What software and web services do you use? What do you love about them?

Rackspace is our primary infrastructure provider and they have proven to be reactive and work well with us. We also use things like Basecamp, Dasheroo, Wufoo, Google Analytics, MailChimp, 123Together (mindSHIFT Online), and so on for our analytics, email, and other services.

What is the one book that you recommend our community should read and why?

I recently read the book “OPEN” by Andre Agassi and didn’t have many expectations. It was very well written, endlessly entertaining, and I really enjoyed how Andre used his life story to demonstrate the lessons he’s learned throughout the years; both the good and the embarrassingly bad. This guy had times when he was brilliant and times when he whined too much and made moronic choices. In the end though, he learned the lessons he needed to learn, and with the help of a loyal team that he deliberately put together and inspired day after day no matter what, he found who he truly is and left his mark on the world in a way very few people ever have, and he continues to do so.

It’s my opinion that every entrepreneur should read this book since we are also wading through constant uncertainty. Sometimes we nail a decision and are on top of the world and sometimes we embarrass ourselves and play the clown. In the end, though, we thrive because we never ever give up on bettering ourselves.
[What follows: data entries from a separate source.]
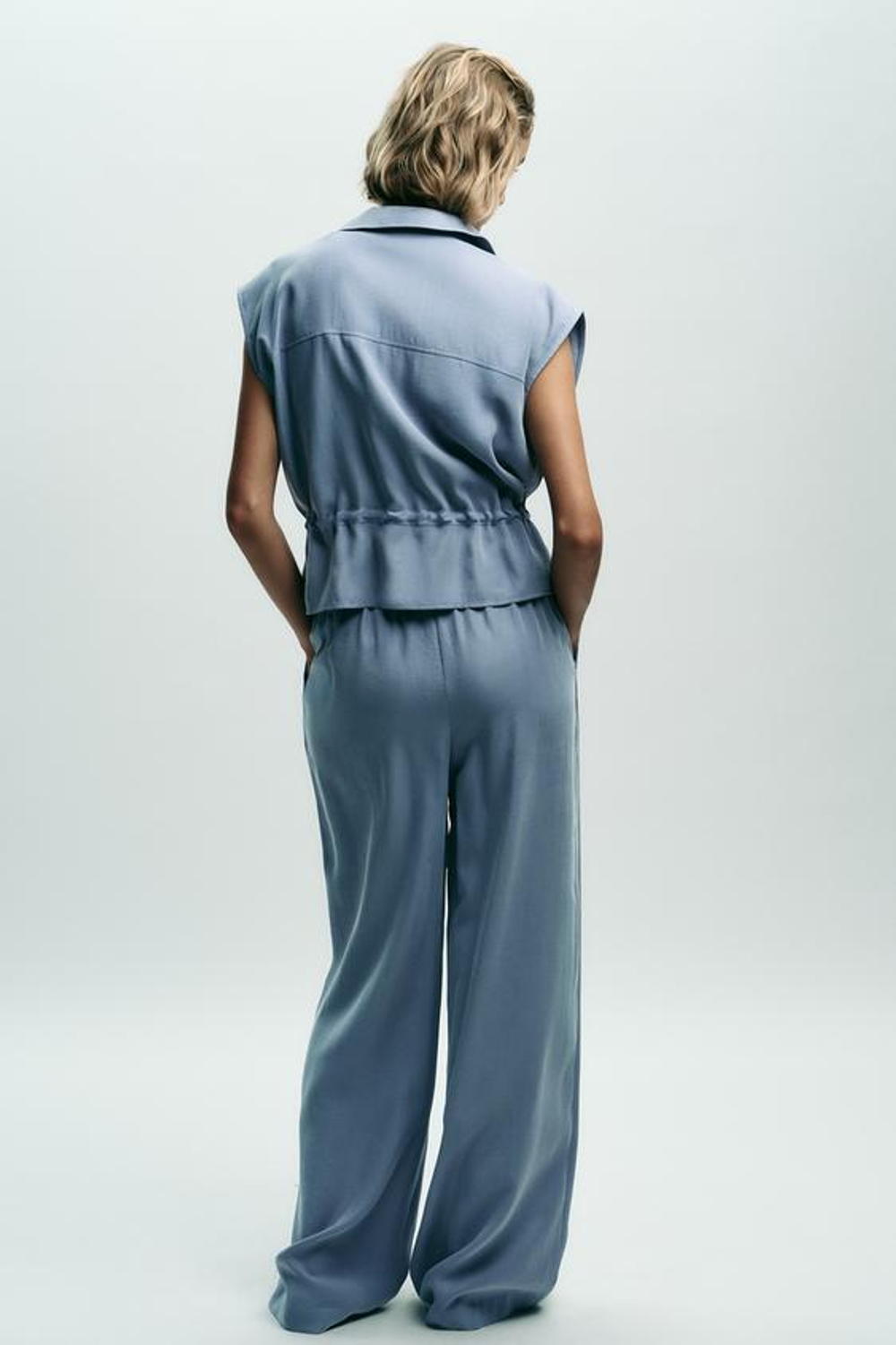 ZARA ШИРОКИЕ БРЮКИ ИЗ МЯГКОЙ ТКАНИ, СЕРО-СИНИЙ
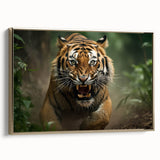 Framed canvas wall art showcasing a striking tiger design with gold accents, set against a neutral background, perfect for animal-themed decor and wildlife enthusiasts.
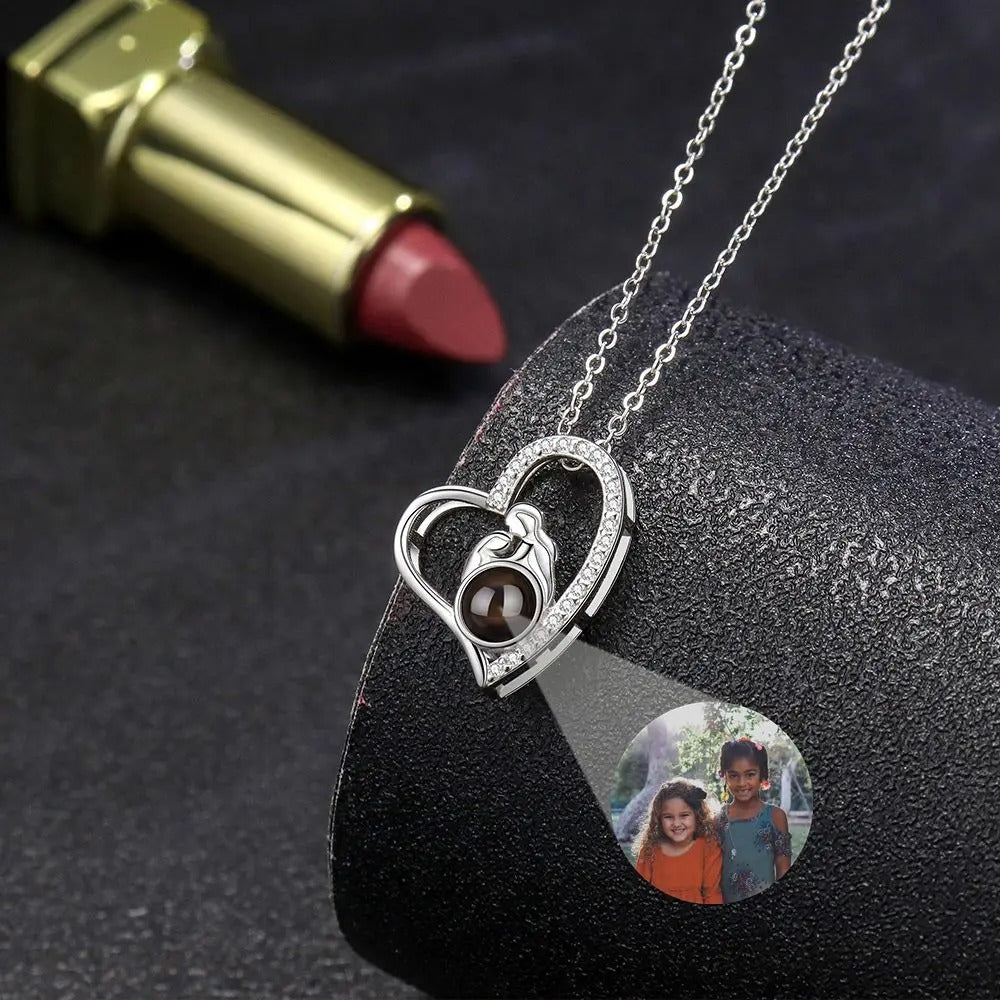 Projection Personalized Heart Photo Pendant Necklace - Abrahamallen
What people have influenced your thinking and might be of interest to others?

This is a hard one to answer because I learn something from every single person I spend time with or read about. Listing all of them here would be way too big of an undertaking. I’m a sucker for inspirational stories about overcoming impossible odds, or stories about following your own intuition, doing the right thing when it’s difficult, stories of redemption, and stories about doing everything you possibly can and trusting fate to come knocking. The people that have touched me in my life have been entrepreneurs, athletes, teachers, musicians, artists, preachers, and close personal friends who are always honest with me and who inspire me to be better when I wake up every single morning wondering what the upcoming day has cooking for me.